Same with filmmaker Yoav Shavit, whose film Women of Refaiya gives a window into the daily lives of three Palestinian girls who must walk 30 miles to fetch water everyday. Student-writer Yael Heiblum was intentional about showing how Shavit’s film portrays the girls as not victims but as having agency — as strong and resilient young women with dreams.

“Most of the world engages with water as if it is a privilege. In the U.S.,however, it’s seen as a  right,” Ali said. “There’s a huge disconnect between how the West treats water and what the rest of world’s citizens have to do to negotiate for it.”

Ali didn’t have running water in her home in the first fourteen years of her life in Guyana. Her family couldn’t afford bottled water, so she grew up with the daily chore of boiling and straining water from the tap in her backyard so that it would be safe to drink.

“Water was this arduous process. We had to decontaminate the dirty water that came to our taps and turn it into water that could be drinkable,” she said. “We grew up getting sick, or living in the fear of getting sick.”

While important to confront lived experiences such as Ali’s, a reality for many across continents, the goal of The Water Issue was to focus on this idea of resiliency. For many artists who’ve witnessed trauma or experienced despair, making art itself is an act of Restorative Narrative — a way of persevering.

Water Issue artist Christopher Saucedo is a good example of this. Surviving both Hurricane Katrina and Hurricane Sandy, his paintings of Red Cross blankets, gallon jugs, and cups give him a sense of comfort and provide the same to those who’ve experienced water’s inhumane side.  

Fluid Volume Index (flooded), Christopher Saucedo, 2013. Courtesy of the artist and LeMieux Gallery, New Orleans.

Role modeling these stories is crucial to our health. They give us hope.

In their end of class evaluations, many students noted how their thinking shifted. Not only were they introduced to a wide roster of artists in this field, they started to consider arts journalism as a career path. With many publications phasing out their arts and culture reporting, Ali believes it’s crucial to train a new generation of journalists to seek stories of resilience and rebuilding through an arts lens.

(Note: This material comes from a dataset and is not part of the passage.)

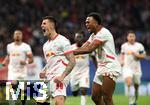 02.10.2024, Fussball UEFA Champions League 2024/2025, 2.Spieltag, RB Leipzig - Juventus Turin, in der Red Bull Arena Leipzig. Jubel (L-R) Torschtze Benjamin Sesko (RB Leipzig) und Lois Openda (RB Leipzig) zum Tor zum 2:1 per Elfmeter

“Outside of the arts activism community, which is its own bubble, the general public still sees the arts as entertainment or luxury,” she said. “That’s a mentality we have to change. We have to show how arts journalism can illuminate the artists finding resolutions to problems in their communities.”

Ali credits Kathy Engel, chair of Art and Public Policy and lifelong arts activist, who invited her to collaborate with the department, for understanding this need and the urgency for students to be exposed to arts activism in this way.

“It [The Water Issue] offered our students exactly what we might wish for — a probing scholarly research experience in which they connect with urgent challenges in the world in meaningful and imaginative ways … all resulting in a real manifestation with impact in the world,” Engel said.

With Flint residents still awaiting a full return to clean taps, Standing Rock protectors anticipating a continued fight, and millions of people in Syria’s war-torn capital deprived of running water,  it’s clear the world’s water crisis isn’t going away.

While they may not have had all the solutions, embarking on The Water Issue for Ali and her students had a long-lasting impact beyond the classroom.

“It really influenced our lives at a microlevel about how we waste water and how we are privileged in our engagement with it,” she said. “I think a lot of us checked ourselves, and rightfully so.”

Editor’s note: Grace Aneiza Ali is an ivoh trustee.